The reason behind this rule is parking, according to the city.
A customer who sits and dines at a restaurant will most likely have a car parked longer than someone darting in and out of a take-out to pick up a cup of coffee, for example.
As such, restaurants must provide more parking spaces than take-outs to compensate.
Currently, there are 23 places to eat in the area governed by the Q Condition and LAMC, and 19 have indoor and outdoor seating. An additional three eateries offer seating only outdoors.
Per the Q Conditions, which only allow 10 restaurants, it appears that nine too many eateries are operating as restaurants with three more pushing the limits.
The Ledger was able to confirm the status of 18 eateries. However, another five could not be independently verified, as city documents could not be found or were out of date.
The issue of what’s a take-out versus a restaurant has been debated locally, following lawsuits surrounding the Larchmont Bungalow, which was permitted by the city as a take-out, but continued to operate as a restaurant.
One boulevard restaurant owner, who preferred to remain anonymous, said although the owner of the Bungalow signed a covenant saying he would not have seating, there are several other eateries that are also acting illegally as their permits do not allow it.
“A covenant is no more [binding] than the actual permit itself,” said the owner.
As there is money to be made with the extra sales generated from having seating, the restaurant owner said the practice will likely continue.
“Food establishments will come in as ‘to-go,’ knowing that there’s slacking and no [city] enforcement and just put in tables and chairs,” the owner said.
Michael Mizrahi, whose recently deceased father, Albert Mizrahi, owned the Larchmont Bungalow, additionally said the Q Condition for restaurants should be revised.

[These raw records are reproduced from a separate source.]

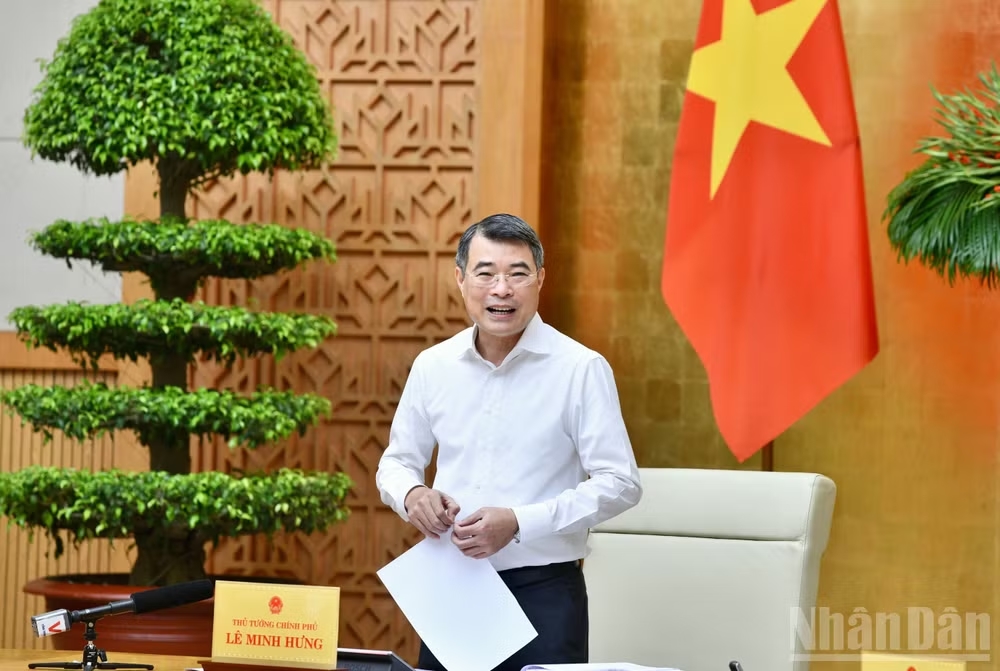 Thủ tướng Chính phủ Lê Minh Hưng phát biểu ý kiến chỉ đạo tại Phiên họp Chính phủ thường kỳ tháng 5. (Ảnh: THANH GIANG)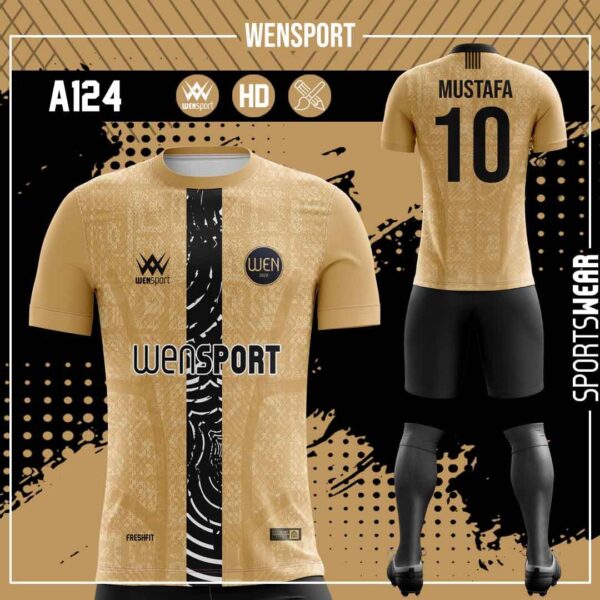A124 Gold Forma Altın, Siyah ve Gri futbol forması modeli - forma yaptırma ön görünüm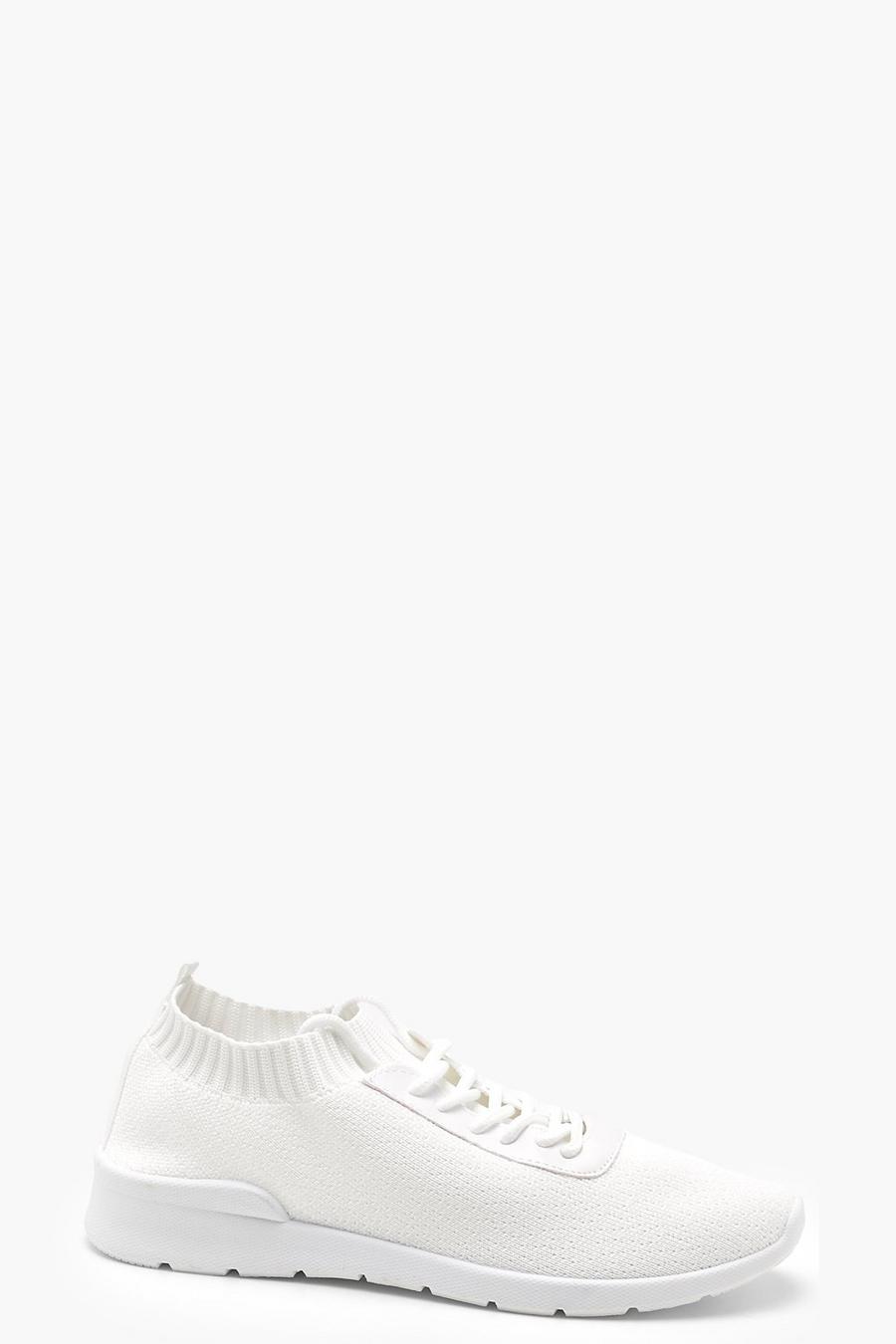 White Knitted Trainers image number 1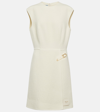 Prada Embellished Wool-blend Minidress In White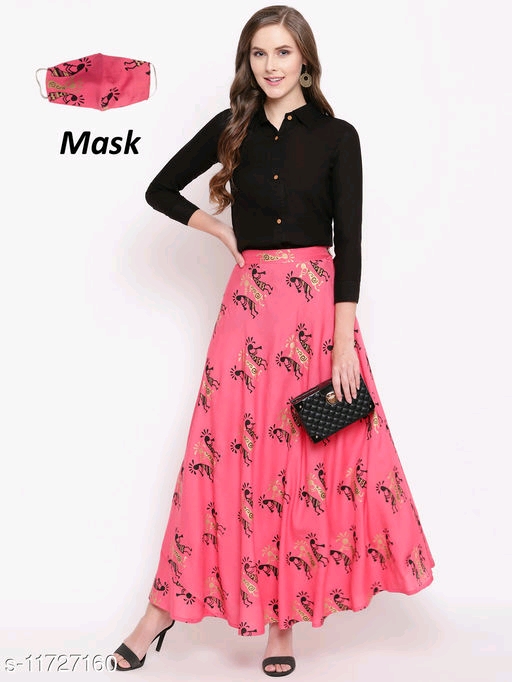 Stylum Women's Solid Rayon Shirt Skirt Set with Mask Kurta 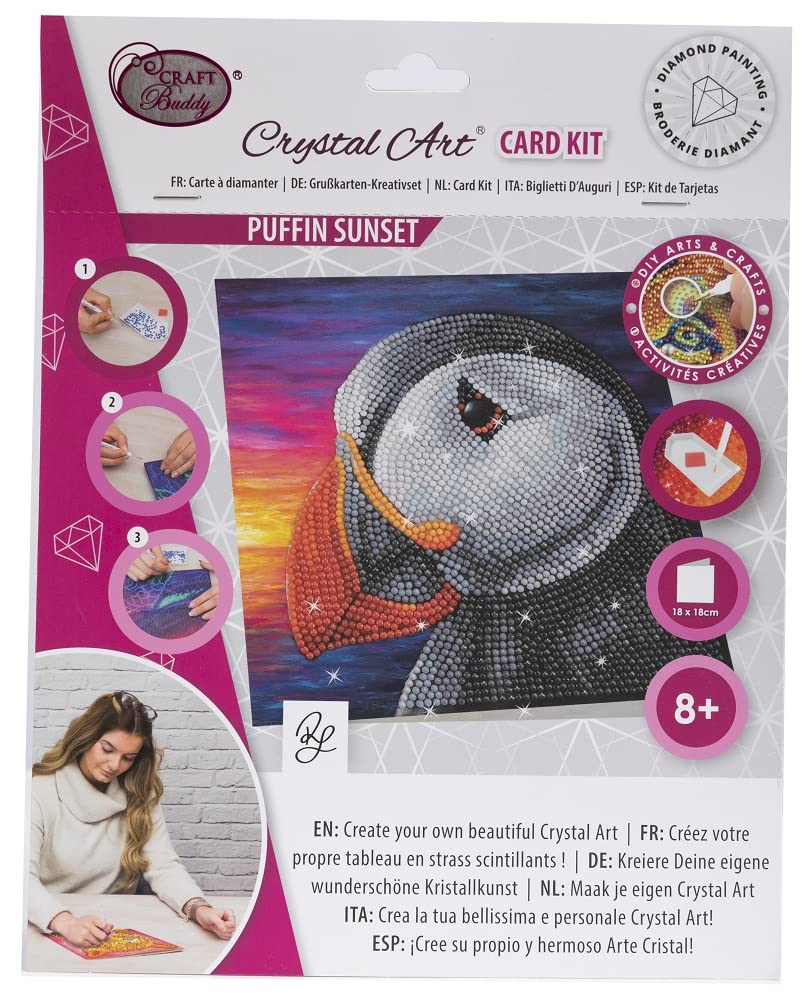 Craft Buddy DIY Crystal Art / Diamond Painting Greetings Card Kit - Puffin Sunset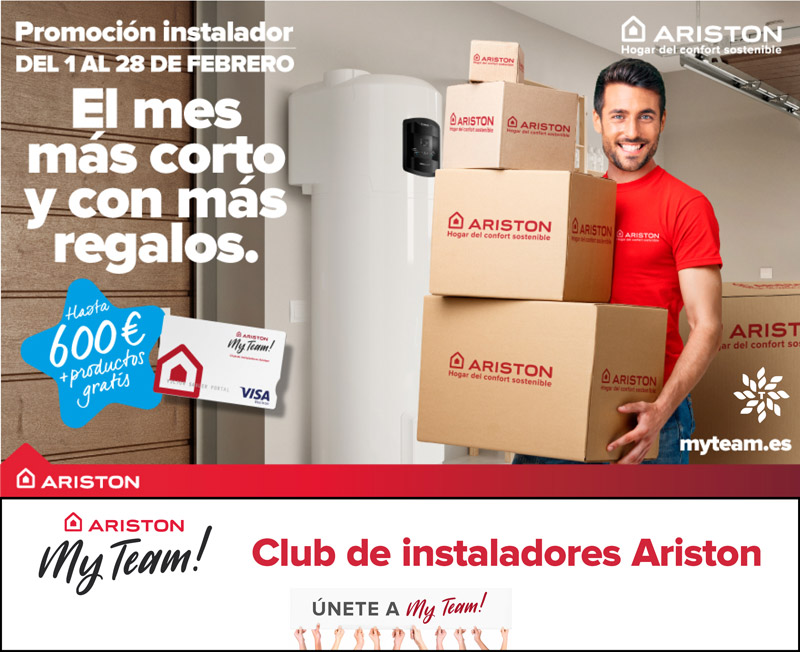 Promo Ariston para el instalador: hasta 600€ y productos gratis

“The Q Condition constrains the type of new dining experiences able to come to the Larchmont community,” said Mizrahi. “The experience of a proper sit down restaurant that takes pride in its space, its aesthetics and its food…that’s the kind of 360 degree experience Larchmont deserves.”
According to Los Angeles City Councilmember David Ryu, the city typically acts on such rules infractions if they are alerted to them.
In relationship to Q Conditions, which were put in place in 1992 to preserve a mix of retail, business and eateries on the Boulevard, Ryu said he is in favor of making sure the street is in compliance.
“I am in support and more than willing to enforce the Q Conditions,” Ryu said in an interview. “I need to know if there have been violators.”
However, other than the Bungalow, there appears to have been few complaints regarding any of these issues, perhaps indicating the community likes things just the way they are.
According to Ryu, most complaints he’s had regarding Larchmont are about buckling sidewalks from overgrown tree roots.
“If there is a huge uproar from the community about changing [the Q Conditions] then I would consider it or I would start that dialogue, but I just haven’t heard that uproar.”
In addition to these possible infractions, many establishments appear to have outdoor seating not in compliance with another city regulation called a “revocable permit.”
A revocable permit, according to Jacob Bigler of the city’s Bureau of Engineering, allows restaurant owners to put tables and chairs on the sidewalk, provided there is a minimum of seven feet of space for passersby between tables and chairs.
In addition, all seating must be at least seven feet away from tree grates, parking meters, street curbs and the like. Such is also important for Americans with Disabilities Act compliance.
“The tables and chairs should be next to the building,” said Bigler.
A stroll down Larchmont reveals there are eight eateries that have seating right by the curb.
The only time a restaurant can legally have seating on the sidewalk without a permit is if the tables and chairs are within the restaurant’s property line.
Additionally, according to Bigler, sandwich board signs, like those that run up and down the boulevard, are out of compliance with municipal code, which prohibits advertising in a public byway.